Westminster Shorter Catechism: Q15

Question: What was the sin whereby our first parents fell from the estate wherein they were created?

Answer: The sin whereby our first parents fell from the estate wherein they were created, was their eating the forbidden fruit.

Scripture memory: “So when the woman saw that the tree was good for food, and that it was a delight to the eyes, and that the tree was to be desired to make one wise, she took of its fruit and ate, and she also gave some to her husband who was with her, and he ate…[Adam said]: The woman whom thou gavest to be with me, she gave me of the tree, and I did eat.” – Gen. 3:6,12

An explanation: We should understand that there was nothing intrinsically evil in the fruit of the forbidden tree. What made the eating of the fruit evil was that it was forbidden by God. God forbade Adam and Eve from eating the fruit to try their obedience. God desired to test their obedience to His Sovereign Lordship as their King. Their eating was a great sin because it was a transgression of God’s specific and clear and holy Law (“Sin is lawlessness,” 1 Jo. 3:4). The sin was against a holy and perfectly just God, who had shown great kindness in His condescension to enter into a covenant with Adam (Hos. 6:7). “By the one man’s disobedience the many were made sinners” (Rom. 5:19a). The sin was also against Adam himself, his soul, body, estate, upon his family, and his posterity. “Therefore, just as sin came into the world through one man, and death through sin, and so death spread to all men because all sinned…” (Rom. 5:12).
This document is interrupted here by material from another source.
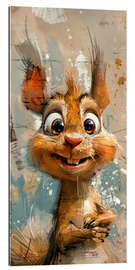 Gallery print Happy squirrel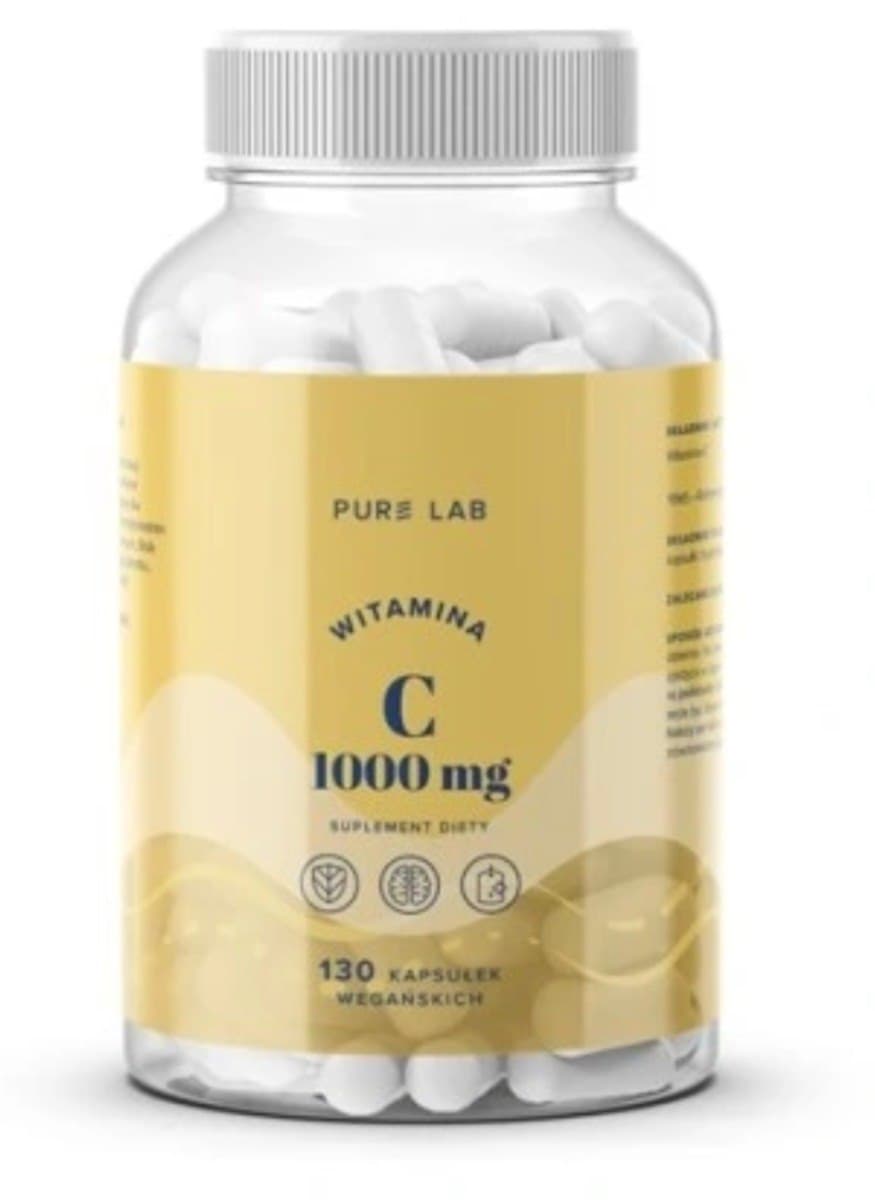 Pure Lab - Vitamin C - 130 Caps – Pure Lab förpackning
     Thomas Vincent lists seven specific sins that were committed in this terrible act that brought mankind into depraved darkness: 1) Rebellion against God as their Sovereign King; 2) Treason, in conspiring with the devil, God’s enemy, against God; 3) Ambition, in aspiring to a higher state, to be as God; 4) Luxury (Greed and Discontentment), in indulging to please the sense of taste, in inordinately desiring the fruit over fellowship with God; 5) Ingratitude to God, who had given them everything in the garden for their enjoyment; 6) Unbelief, in not believing God’s warning that I they disobeyed they would die; 7) Murder, in bringing death by this sin, upon themselves, and their posterity.

Let us soberly remind ourselves that ever sin we commit is no small matter; there are no “peccadilloes!” The smallest sin deserves God’s just wrath and eternal punishment. “Behold, how great a matter a little fire kindleth!” (James 3:5, KJV). In breaking the Law of God through disobedience in these points, our first parents (and we in them! Psa. 51:5; Rom. 5:12-14) were guilty of breaking all of the Law: “For whoever keeps the whole law but fails in one point has become accountable for all of it.” – James 2:10. But God in His mercy, sent His Beloved Son to keep the Law in our place, and to die under the curse of it!
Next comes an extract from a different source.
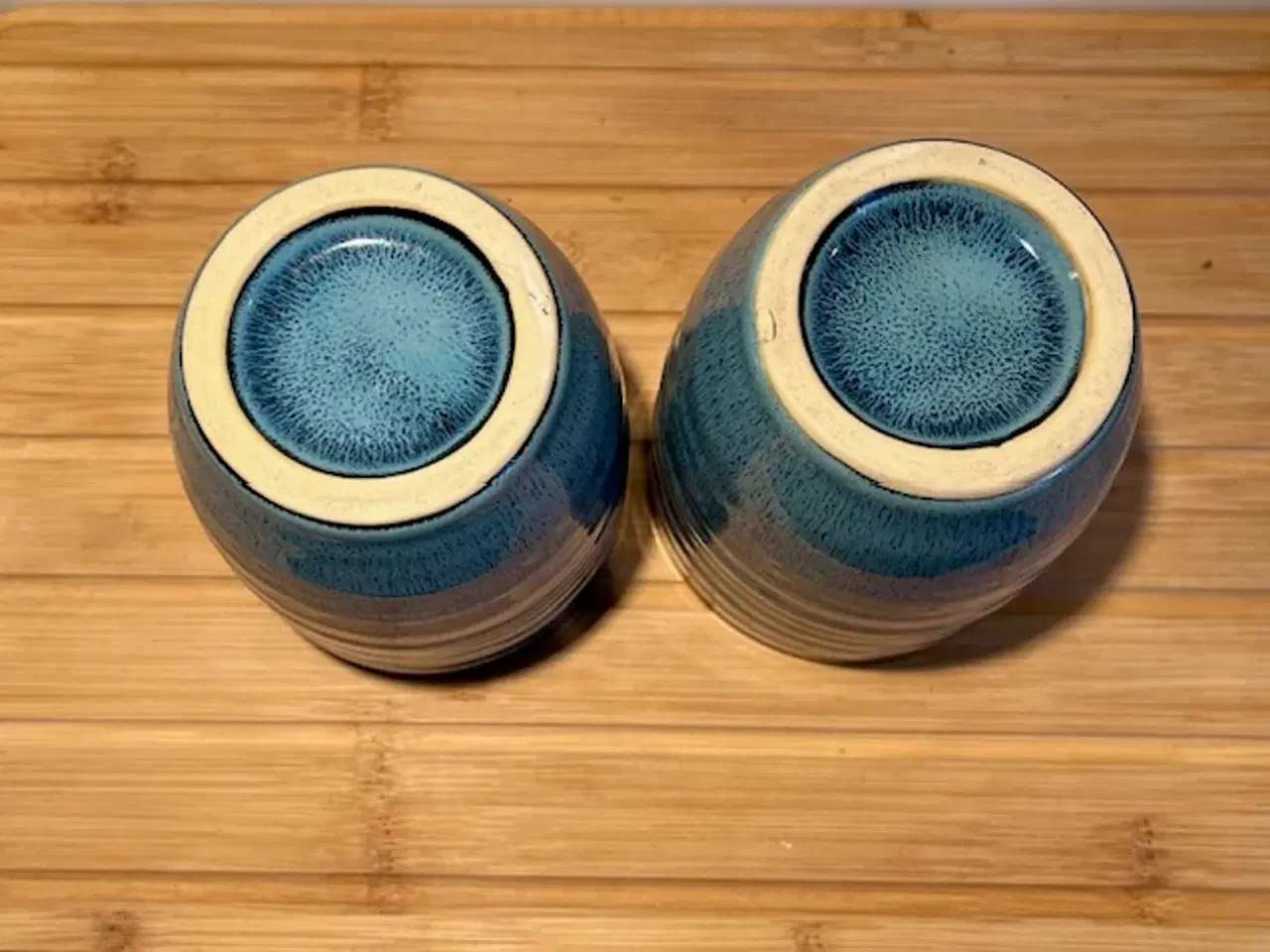 Billede 4 - Unikke håndlavede krus i smuk blå glasur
“For the grace of God hath appeared, bringing salvation to all men, instructing us, to the intent that, denying ungodliness and worldly lusts, we should live soberly and righteously and godly in this present world; looking for the blessed hope and appearing of the glory of the great God and our Savior Jesus Christ; who gave himself for us, that he might redeem us from all iniquity, and purify unto himself a people for his own possession, zealous of good works” (Tit. 2:11-14).

A Prayer: Lord God, and Father of the Lord Jesus Christ, Please forgive me for my sins. Thank you that you are faithful and just to forgive me when I transgress your law ( Jo 1:9). I deserve to die, and to be condemned under your just wrath, but you have provided Christ a Mediator for me, an Advocate, and He has died in my place as a holy propitiation (1 Jo. 2:2). Thank you, dearest and kindest King! Let me live faithfully and obediently to you according to your Holy Law (Rom. 8:3-4). In Jesus’ Holy Name, Amen.